Artinya, narasi sejarah harus memberi tempat bagi kelompok-kelompok yang selama ini terpinggirkan, seperti masyarakat adat, perempuan, minoritas, dan komunitas lokal, yang kontribusinya sering diabaikan.

Dengan cara ini, sejarah bukan sekadar karya ilmiah, tetapi juga sarana rekonsiliasi memori kolektif dan pembentukan masa depan yang lebih setara.

Di tengah perubahan besar abad ke-21, mulai dari derasnya arus globalisasi, kebangkitan identitas lokal, hingga transformasi teknologi digital, penulisan Sejarah Kebangsaan Indonesia harus mengalami pembaruan.

Hal ini mencakup penguatan pada aspek pengayaan fakta, penggunaan sumber sejarah yang kredibel, dan penyempurnaan metodologis.

Model historiografi lama yang dinilai bersifat sentralistik dan normatif, seperti yang tampak dalam SNI 1975, kini dianggap tidak lagi memadai.

Diperlukan suatu pendekatan baru yang lebih inklusif, multivokal, partisipatif, serta adaptif terhadap ekosistem digital.

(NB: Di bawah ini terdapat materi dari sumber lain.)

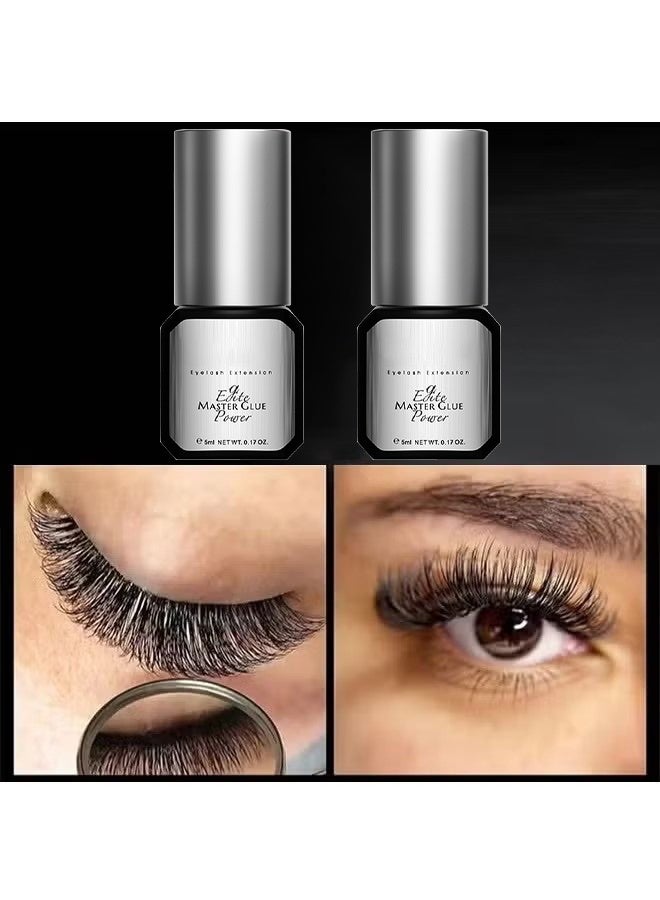 جوللي Master Glue, Extra Strong Eyelash Extension Glue, (0.17fl.oz / 5ml) / 0.5-1 Sec Drying Time/Retention, 7 Weeks/Maximum Bonding Power/Professional Use Only Black Adhesive For Semi-Permanent Extensions - Image 3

Tujuannya adalah menghasilkan narasi sejarah yang mampu merangkul aspirasi lokal, membangun identitas nasional, dan menginternalisasi nilai-nilai global secara bermakna bagi generasi muda.

Karena itu, artikel ini akan fokus pada inovasi metodologi yang bisa dilakukan oleh Tim Penulis Sejarah Kebangsaan Indonesia yang terutama mencakup paling tidak tiga aspek utama: keterbukaan terhadap keberagaman suara (inklusif dan multivokal), penguatan sejarah lokal sebagai fondasi kebangsaan, serta pembentukan narasi yang kritis dan reflektif.

Perspektif inklusif dan multivokal

Tidak bisa dipungkiri bahwa konsep kebangsaan Indonesia memang bukan berwajah monolit tunggal, melainkan lukisan yang terbentuk dari berbagai suara, pengalaman, dan interpretasi yang saling berinteraksi.

Oleh sebab itu, upaya untuk memahami sejarah kebangsaan Indonesia secara inklusif dan multivokal berarti mengakui keragaman narasi, melampaui versi resmi yang secara konvensional selama ini seringkali disederhanakan, dan memberi ruang bagi kelompok serta perspektif yang selama ini merasa terpinggirkan.

Hal ini disasari atas pemikiran sebagaimana yang digagas oleh Anderson mengenai nasionalisme sebagai "komunitas terbayang" yang inklusif (Anderson: 2006).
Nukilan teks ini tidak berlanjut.